#### Exercise goal:
The listing must be copied out in full and exactly; no images go with it.

#### Data block:
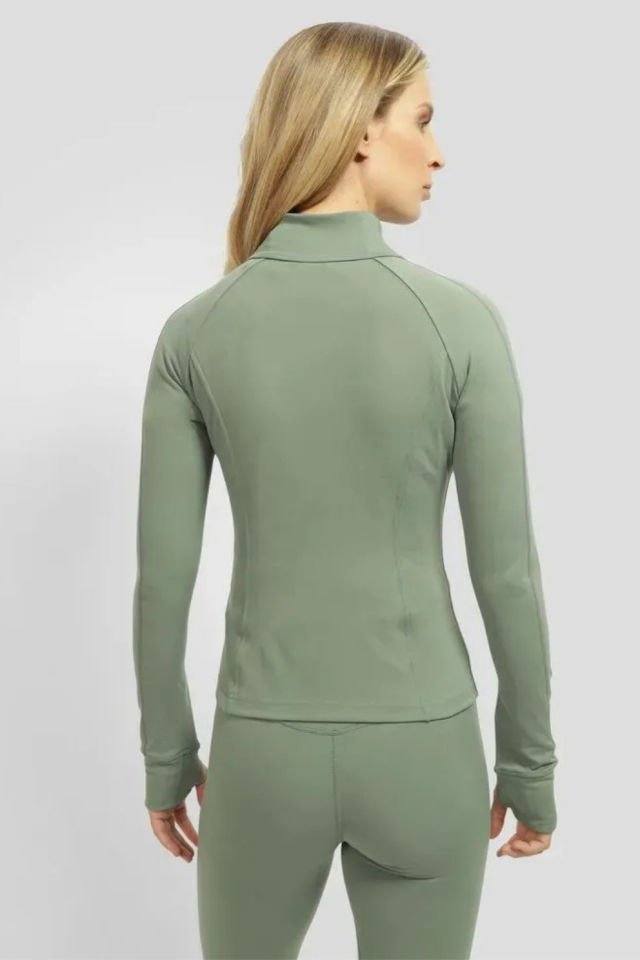 Guess Marika Uzun Kol Fermuarlı Aktif Kadın Hırka Yeşil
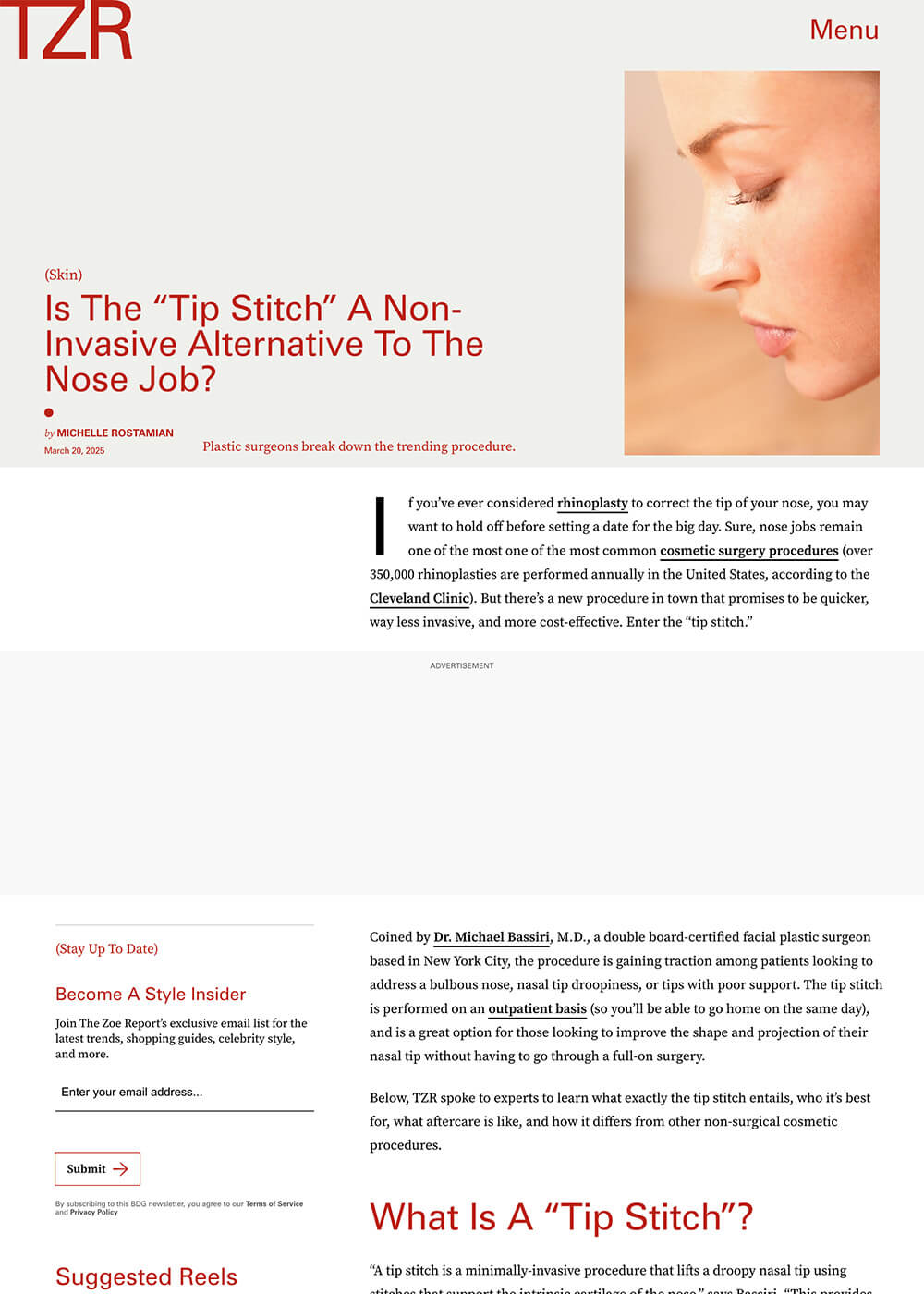 Is The “Tip Stitch” A Non-Invasive Alternative To The Nose Job? - Article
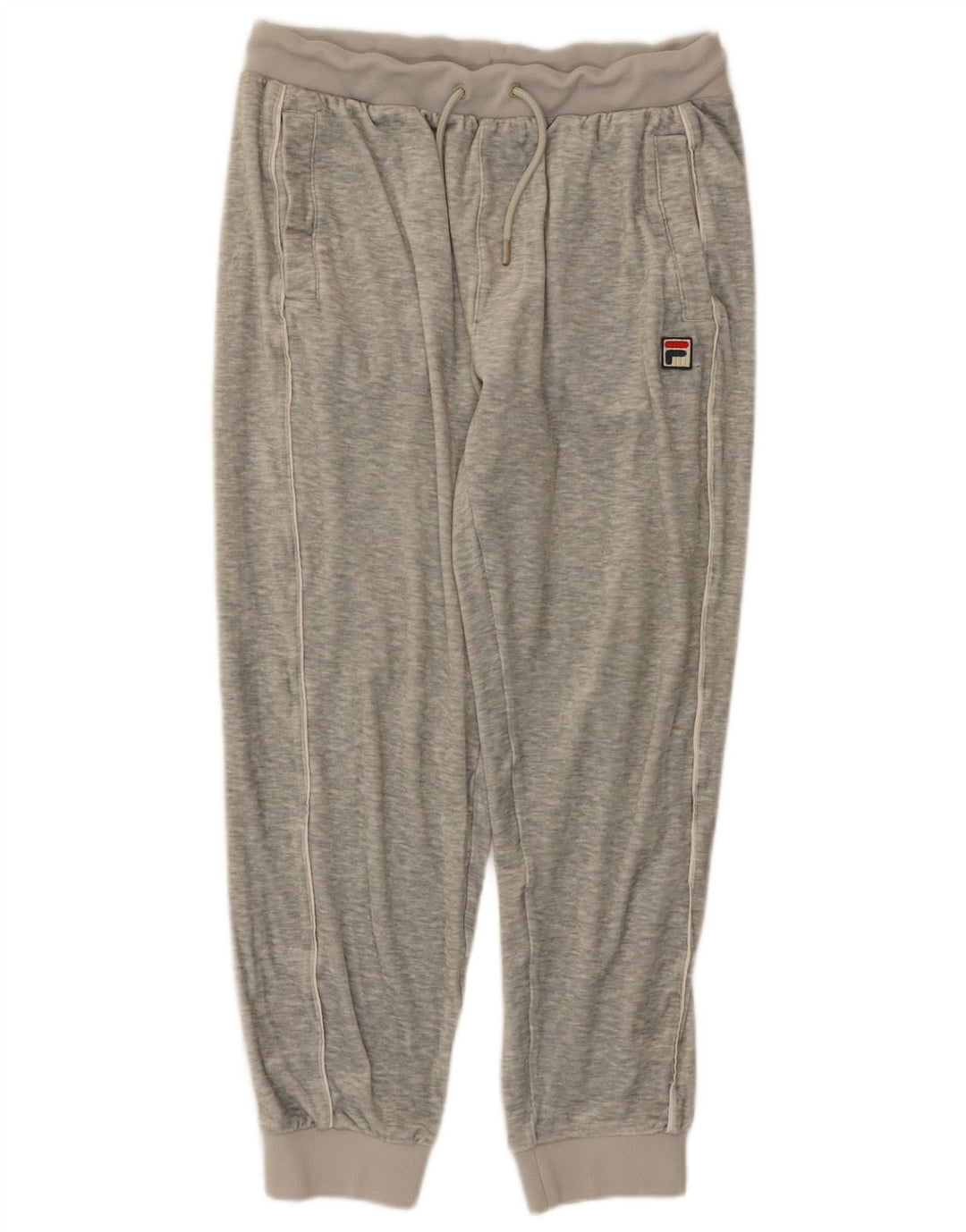 Fila Mens Velour Tracksuit Trousers Joggers Medium Grey Flecked Polyester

#### Solution for this problem:
 Guess Marika Uzun Kol Fermuarlı Aktif Kadın Hırka Yeşil
 Is The “Tip Stitch” A Non-Invasive Alternative To The Nose Job? - Article
 Fila Mens Velour Tracksuit Trousers Joggers Medium Grey Flecked Polyester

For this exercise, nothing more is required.